- Opening Delimiter -

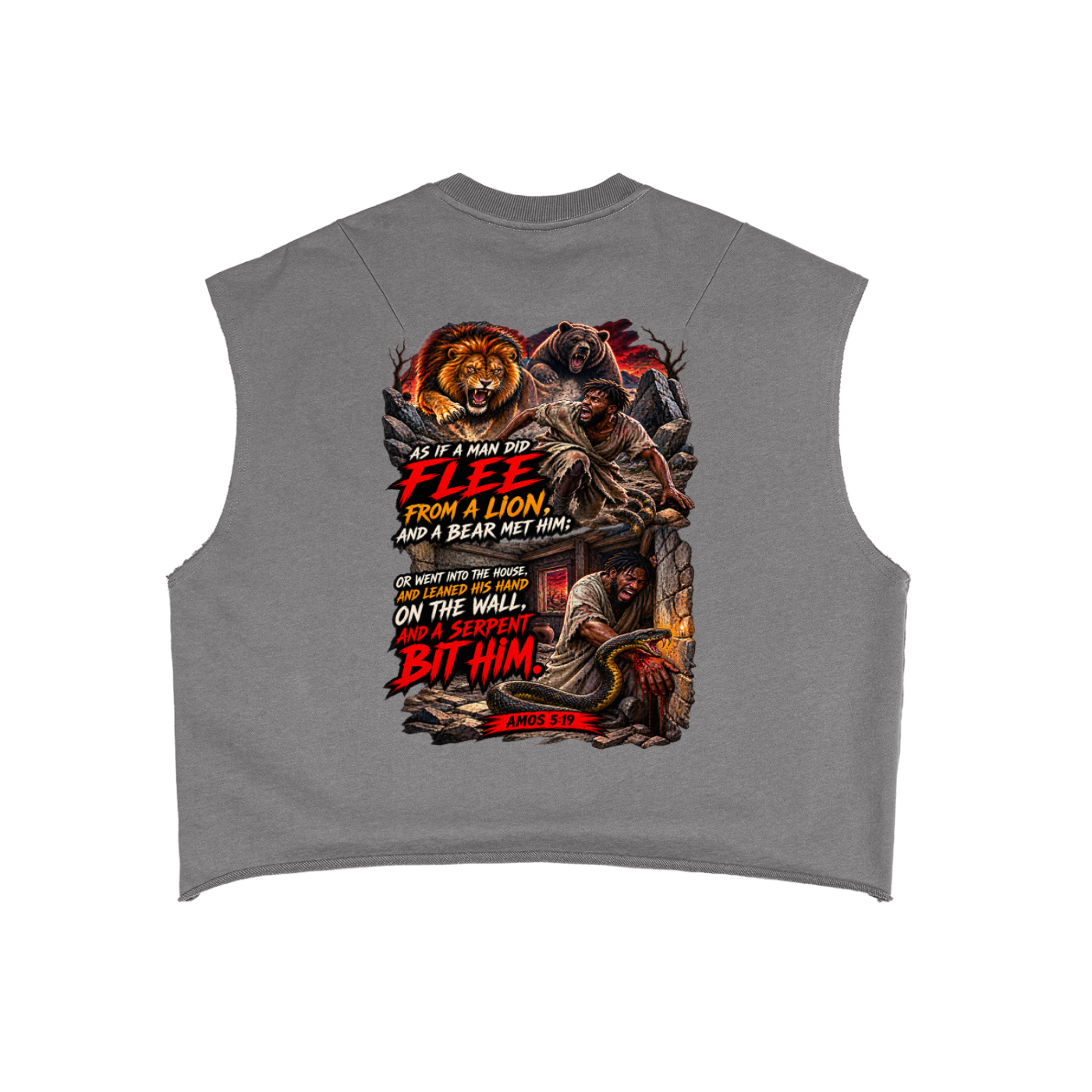 Amos 5:18-19 French Terry Boxy Tank Top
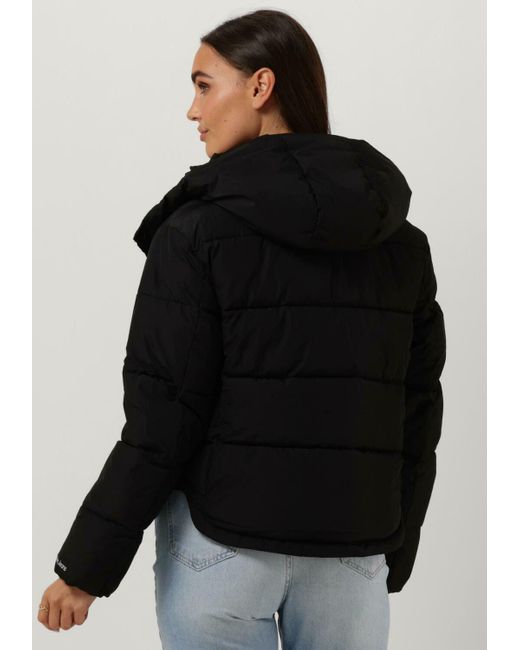 Calvin Klein Black Wattierte Jack Monologo Mw Nd Short Puffer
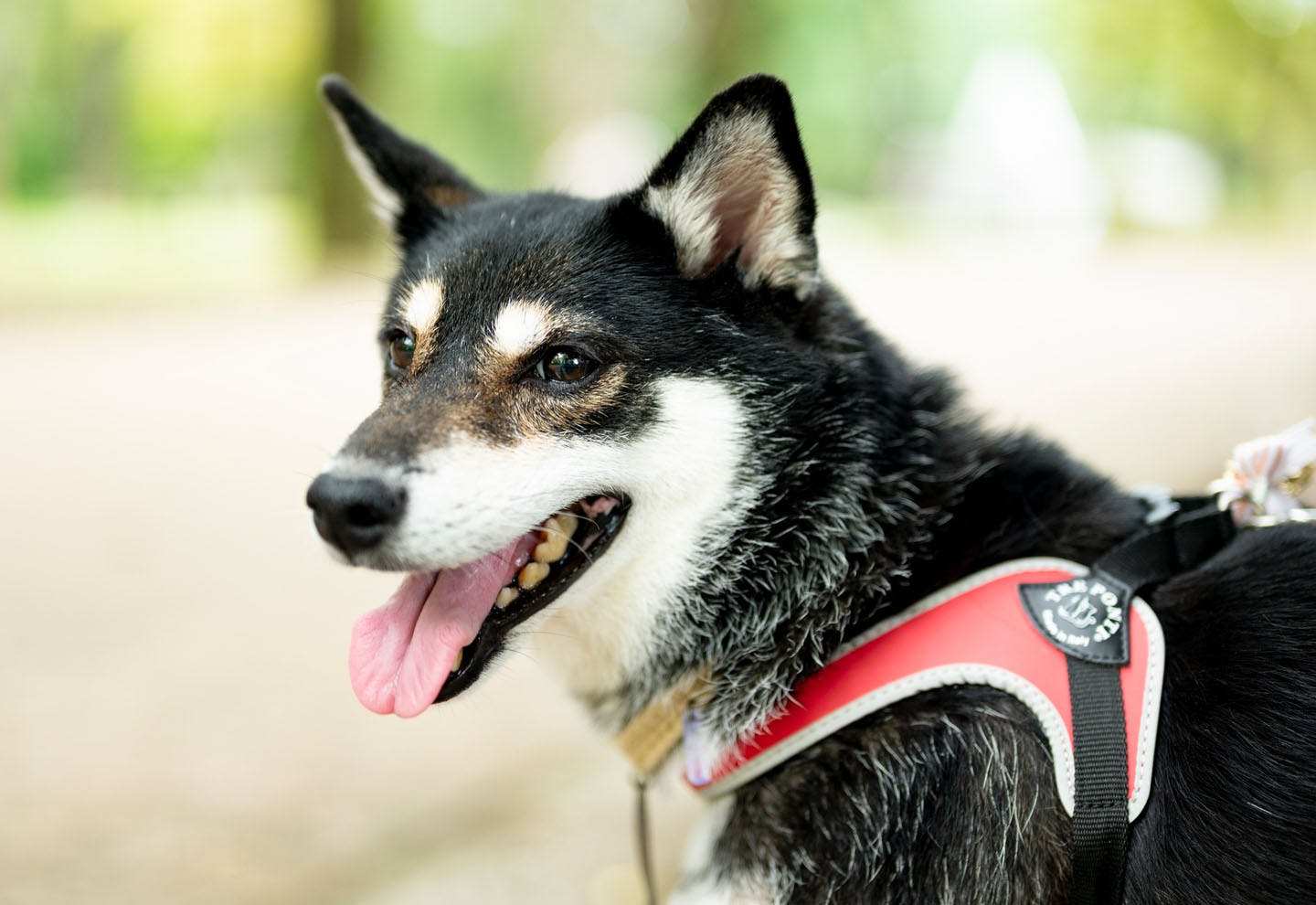私の愛する犬たち 私の愛する犬たち The dogs which I love 実物大 型紙付き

- Closing Delimiter -

*What is expected*.
Without changing a single word, set down all of the material again and leave out its pictures.

*Output*.
 Amos 5:18-19 French Terry Boxy Tank Top
 Calvin Klein Black Wattierte Jack Monologo Mw Nd Short Puffer
私の愛する犬たち 私の愛する犬たち The dogs which I love 実物大 型紙付き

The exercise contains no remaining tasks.